Meu pai estava doente havia meses. Horas depois do seu falecimento, um vizinho, a me ver triste, aproximou-se e disse “não fique assim, menino...enquanto há vida, há esperança”. Retruquei docemente dizendo que meu pai já havia falecido naquela manhã. Ele: “Deus sabe o que faz, foi melhor assim, ele estava sofrendo, descansou, o céu está feliz agora, ele não quer te ver triste, você tem que cuidar da sua mãe, a vida continua, meus pêsames, parece que ele está sorrindo no caixão, ele foi um grande homem, se precisar de alguma coisa...”. Olhei pro meu vizinho e pedi que ele repetisse tudo aquilo pra eu anotar num caderninho todas aquelas falas que certamente eu ia precisar repetir futuramente, pra pessoas nessa situação. Aproveitei e lhe dei um folheto de um curso de teatro. Pois achei que ele podia melhorar um pouco as intenções do personagem daquela fala. Acho que ele esqueceu que a parte do texto que falava do meu pai sorrindo no caixão, só podia ter sido dita na cena do velório. Enfim, ele não decorou bem as falas e ensaiou muito pouco.

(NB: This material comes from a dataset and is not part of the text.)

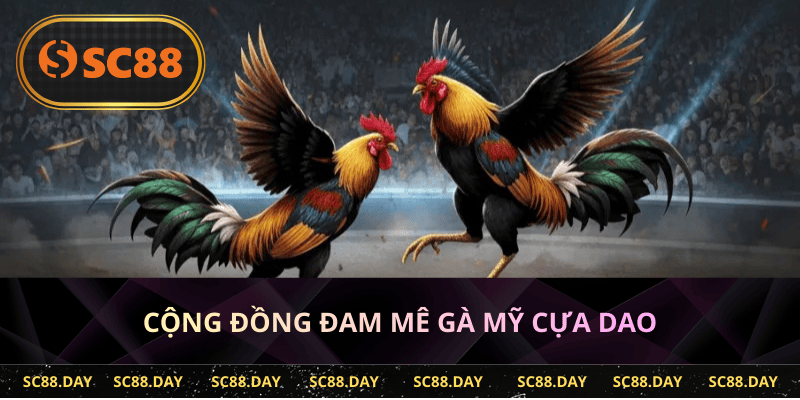 Cộng đồng đam mê gà Mỹ cựa dao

Sem dúvida, meu vizinho é um sábio popular, sabe dizer quase que ensaiado tudo o que uma pessoa “de bem” deve dizer numa hora dessas. E seu discurso pode mudar de um segundo pro outro, como foi o caso. Essa é a sabedoria que emana do povo.
As pessoas sempre tiram da manga um conselho sábio e bem oportuno pra manter os desanimados, esperançosos ou enxugar o leite derramado dos estabanados que esbarraram no copo. O problema é que na maioria das vezes os conselhos e consolos são superficiais demais.
A rota de vôo de nossas vidas deve ser planejada por nós mesmo, mas a sabedoria popular nos conduz ao senso comum, nos estagnando e nos transformando em marionetes existenciais. A sabedoria popular deseja que você DEXISTA. Existir é uma afronta ao modelo social vigente. Insista, exista, mesmo solitário. Pois antes só do que mal acompanhado.